Les infiltrations à la Wallraff

Dans un autre genre, Les Infiltréspratiquent le sous-marinage. L'idée n'est pas d'hier : dans les années 1970, François Debré réalise en caméra cachée un reportage sur la prostitution enfantine aux Philippines, Les Trottoirs de Manille. A la même époque, un journaliste de presse écrite allemand, Günter Wallraff, passe d'une identité à une autre pour infiltrer un magazine à sensation aux méthodes douteuses, une usine aux conditions de travail inhumaines, ou, plus récemment, une fabrique de petits pains pas chers produits par de modernes esclaves. Il passe deux ans dans la peau d'Ali Sinirioglu, travailleur immigré turc, avant d'écrire Tête de Turc, témoignage sur le racisme ordinaire. Mais c'est un reporter irlandais qui systématise sur petit écran les infiltrations à la Wallraff : Donald MacIntyre devient célèbre en 1999, lorsque la chaîne britannique BBC One diffuse ses reportages à hauts risques sur les hooligans de Chelsea ou l'agence de top-modèles Elite.

Créateur des Infiltrés, Laurent Richard ne dissimule pas ses influences, tout en soulignant que la « cam'cach' », comme on dit, est un procédé vieux comme l'information : « Après tout, la presse écrite fait bien plus de "stylo caché" que la télévision ! » Lui se défend d'en faire une recette : « Le concept s'est imposé alors qu'on travaillait sur deux sujets, le travail au noir et la vie sans papiers. A partir de là, on a bâti une collection de sept reportages impossibles à faire en caméra visible, comme les sectes ou les clandestins de Calais. »

Le principe n'est pas sans danger. Paul Moreira se méfie ainsi des images volées, restreignant leur usage au minimum : « En France, il règne une culture du secret et de l'opacité qui rend parfois pertinent le recours à la caméra dissimulée, admet le journaliste.

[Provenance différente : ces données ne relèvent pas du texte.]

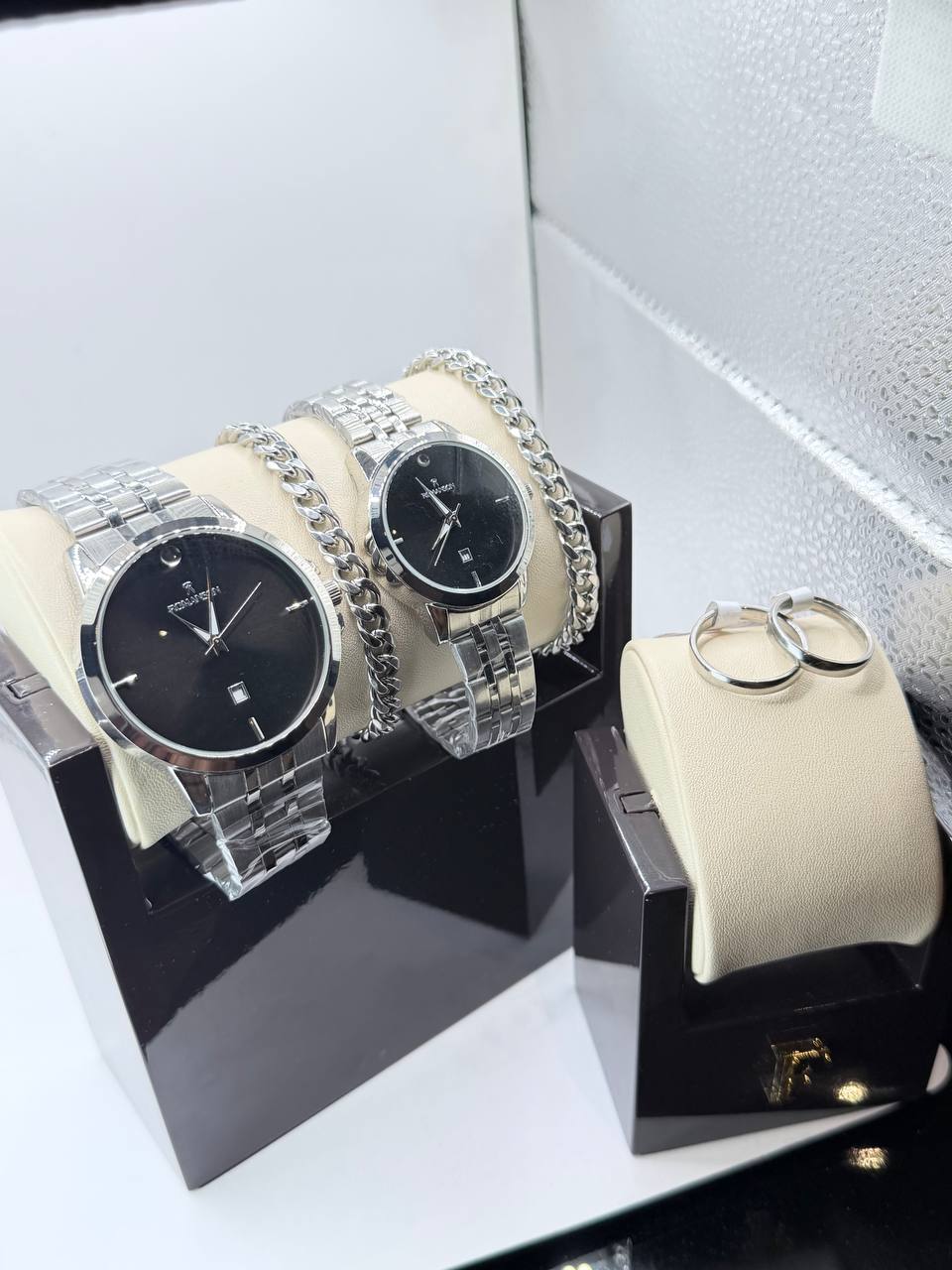 ست ساعت زنانه و مردانه برند رومانسون romanson به همراه دستبند و حلقه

Mais on ne peut faire d'investigation qu'en étant loyal avec les gens. L'enquête est plus importante que toutes les images qu'on pourra rapporter en caméra cachée : il faut se méfier de la fascination qu'elles exercent, du voyeurisme qu'elles induisent. » Sans compter les risques qui pèsent sur ceux qui consentent à parler : « Pour moi, il est inacceptable qu'une personne perde son emploi ou subisse des presssions parce qu'elle a bien voulu témoigner, assène Moreira. Je n'ai aucun scrupule à supprimer de telles séquences. » Bernard Nicolas le reconnaît : « On se pose moins de problèmes déontologiques lorsqu'on a affaire à des méchants. »

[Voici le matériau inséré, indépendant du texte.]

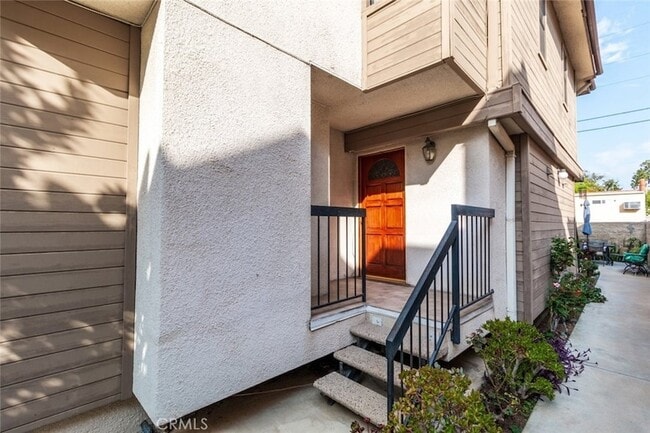 Foto del edificio - 514 N Isabel St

Pour Moreira, « le problème de l'investigation en télé, c'est que le off [ce qui n'est pas censé être dit et entendu] est très difficile à exploiter, car on dépend de ce que les gens veulent bien nous donner, des "insiders" qui acceptent de parler ou de confier des documents. » La plupart des enquêteurs reconnaissent buter sur certains sujets : « Les services secrets, le contre-espionnage, les officines de renseignement restent des thèmes extrêmement difficiles à traiter, faute d'images », estime Laurent Richard. « Au début de 90 Minutes, on a délibérément laissé tomber le champ politico-financier, très labouré par la presse écrite et laborieux à illustrer », constate Paul Moreira. Faute d'images, on se rabat alors sur des plans de paperasses empilées dans des classeurs, des plans floutés ou des personnages à contre-jour.

Par manque d'imagination ? « Je n'ai pas souvenir d'avoir renoncé à un sujet parce que je ne pouvais pas le traduire en images, tempère Bernard Nicolas. Il y a toujours un moyen. Souvenez-vous de cette enquête sur le Crédit lyonnais, diffusée sur Arte, où tout était raconté avec des personnages en pâte à modeler ! » Quand on veut, on peut.